Le DGE reproche à M. Péladeau de ne pas avoir remboursé dans un délai de 36 mois un prêt de plus de 100 000 $ qu’il avait contracté auprès de la Caisse Desjardins pour financer sa campagne. Le milliardaire n’avait pas le droit d’éponger ce prêt à même sa fortune, il devait plutôt le faire à coups de dons individuels d’un maximum de 500 $ en vertu de la Loi électorale. Le DGE a ainsi conclu qu’il avait fait un don illégal à sa propre campagne. Or, il était « moralement et pratiquement insoutenable » de demander à ses partisans de contribuer à sa dette de campagne, selon M. Péladeau.

Après avoir plaidé coupable à cette infraction, l’ex-politicien a annulé sa déclaration de culpabilité en réalisant les conséquences possiblement catastrophiques pour son empire médiatique. 

En effet, s’il est reconnu coupable, Québecor et ses filiales pourraient perdre pour cinq ans l’autorisation légale qui leur permet d’obtenir des contrats publics, puisqu’il détient plus de 50 % des droits de vote. Des pertes potentielles de millions de dollars.

Pierre Karl Péladeau et Québecor Média ont récemment déposé en Cour supérieure une demande en pourvoi en contrôle judiciaire pour faire déclarer inconstitutionnel et inopérant l’article de la Loi électorale au cœur de l’affaire. Ils réclament également au président du Conseil du trésor, Christian Dubé, de ne pas inscrire leurs noms au Registre des entreprises non admissibles aux contrats des organismes publics.

Liberté d’expression

Dans sa requête, M. Péladeau soulève plusieurs arguments juridiques pour s’attaquer à la Loi électorale. Il dénonce principalement avoir été assujetti à une peine destinée à punir des manœuvres électorales frauduleuses, alors qu’il maintient n’en avoir commis aucune.

Il soutient également que la Loi viole le droit fondamental à la liberté d’expression des candidats à la direction d’un parti politique. Le législateur porte atteinte à la capacité des candidats à financer leur campagne, et donc « à véhiculer leurs idées », en considérant qu’un candidat a contribué à sa campagne dès qu’il ne rembourse pas un prêt dans les 36 mois, soutient-il.

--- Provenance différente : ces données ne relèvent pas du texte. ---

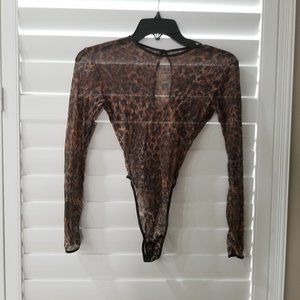 Sheer Leopard Print Bodysuit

« Il s’agit d’une entrave encore plus grande pour un candidat qui ne bénéficie pas d’un large bassin de donateurs ou pour un candidat qui songe à quitter la vie politique en cas de défaite », plaide-t-on dans la requête.

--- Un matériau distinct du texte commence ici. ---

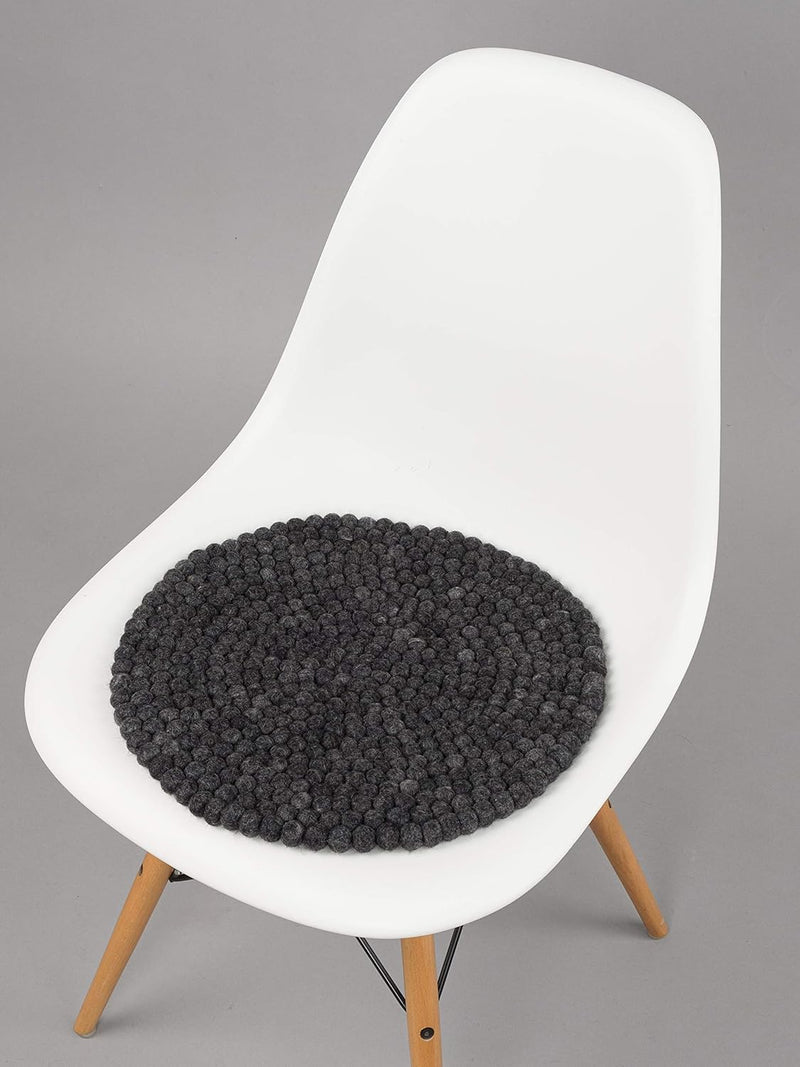 myfelt Flache Filz Sitzauflage, Filz Stuhlauflage - Hugo - rund, Ø 36 cm, Anthrazit Anthrazit Melier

Bien que cette mesure puisse être fondée sur un objectif visant à assurer une plus grande égalité entre les candidats, elle ne représente pas une restriction proportionnée au droit à la liberté d’expression.

Extrait de la requête

De plus, la finalité de cette infraction constitue un traitement « cruel et inusité » en vertu de la Charte canadienne des droits et libertés, puisqu’il entraîne à l’endroit de M. Péladeau des conséquences « exceptionnellement disproportionnées » compte tenu de l’infraction, soutiennent les demandeurs.

L’application automatique des règles d’inadmissibilité aux contrats publics en raison de cet article de la Loi électorale n’est pas « rationnellement » liée à l’objectif des élus de s’attaquer à la corruption et à la collusion dans les contrats publics, ajoute-t-on. L’intégrité d’un ancien élu dans une telle situation n’est en rien affectée par son incapacité à rembourser son prêt, fait-on valoir.

Le procès de M. Péladeau concernant son infraction à la Loi électorale n’a pas encore eu lieu au palais de justice de Montréal.